А вот еще пример, когда переводчики не справились с задачей.
Стихотворение Т. С. Элиота «Любовная песнь Дж. Альфреда Пруфрока», первые строки:
Ether – эфир: эфир неба и эфир, с помощью которого усыпляют больного на столе хирурга.
Никакого эфира с двойным значением в русских переводах нет.
(перевод А. Сергеева).
Вообще, по своей изощренности англосаксонская поэзия в прежние годы превосходила нашу. Однако переводчики, убирая всю эту изощренность, убаюкивают и наших поэтов, и наших читателей: «Спите спокойно, у них все, как у нас!».
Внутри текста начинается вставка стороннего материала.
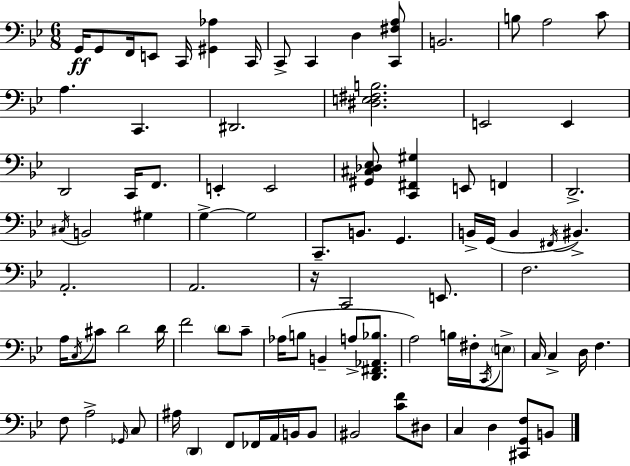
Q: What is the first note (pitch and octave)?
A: G2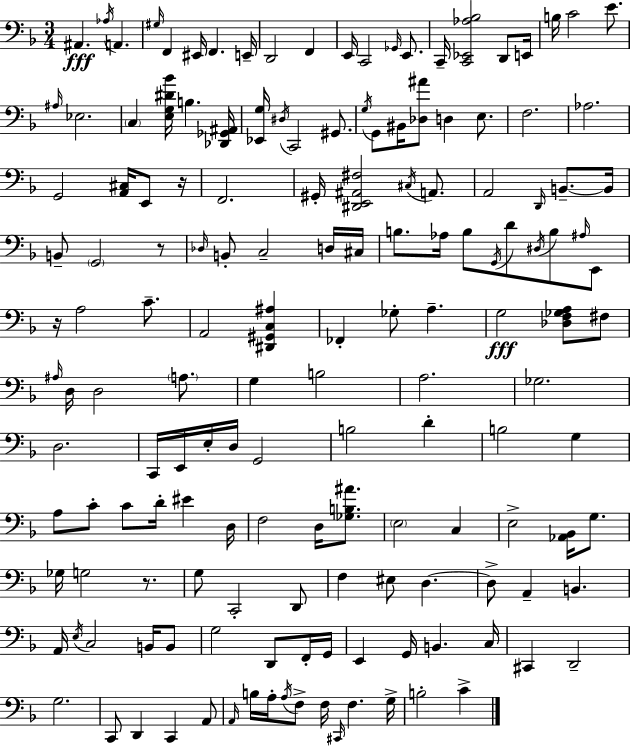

Я думаю, некоторая интеллектуальная изощренность не помешала бы и нашей поэзии, и нашему обществу в целом.
Конечно, не всегда просто ответить на вопросы: «А в чем новизна этого стихотворения? Какое художественное открытие сделал его автор?».
Подчас это может быть новая интонация, новая область действительности, освоенная поэзией. Когда перевод уже сделан, полезно взглянуть на него с точки зрения: «А нужен ли он здесь и сейчас? Действительно ли до него никто так не писал по-русски?».
Повторим главное.
Если то или иное открытие, сделанное в иностранной поэзии, не перенесено переводчиками в русский язык, то это может перекрывать развитие нашей поэзии в том или ином направлении. Чтобы разблокировать это направление, рано или поздно, придется выявить и освоить это открытие. В этом, собственно, и состоит задача художественного перевода.
Здесь и далее стихотворения того или иного автора друг относительно друга расположены без учета даты написания.
Вниз понесла меня река без сожалений,
когда пришел конец меня тянувшим бурлакам
и краснокожие их в качестве мишеней
приколотили с воплями к раскрашенным столбам.
Что в трюме залегло, мне безразлично было:
фламандское ль зерно, английская ль пенька.
Когда к матросам смерть в мученьях приходила,
меня река спустила с поводка.
Обратно гнал меня удар морского шквала —
я, как ребенок, глух был к ярости твоей!
И море зимнее, ликуя, бушевало
и полуострова срывало с якорей.
Шторм разбудил меня, пучина роковая!
И щепкой танцевал я шесть ночей
над мертвыми костями, забывая
про глупые глаза береговых огней.
Кислица краденая сладка обормоту —
я был зеленой так же рад волне,
что смыла винные потеки и блевоту
и руль, и якорь оборвала мне.
И окунулся я тогда в поэму моря,
настой искристый этот стал мне люб,
и проплывал в лазурном выжженном просторе,
задумчиво качаясь, тусклый труп.
И бред, и марево катящегося вала,
тягучий ритм вечерней синевы
сильней, чем спиртом и стихами, обжигало
перебродившей рыжей горечью любви…
Я видел молний трещины на небосводе,
и черный смерч, идущий средь зыбей,
и трепет света на закате и восходе —
как племя кочевое голубей.
Я видел солнце низко над водою,
багровый ужас, распростертый по волнам,
что длинною дрожащей чередою
шли, как актеры сверхантичных драм.
Я грезил – ночь зеленая, тугие струи
кружащихся течений, льдин зубцы,
сверкание снегов и зыби поцелуи,
фосфоресценции оранжевый и голубой певцы.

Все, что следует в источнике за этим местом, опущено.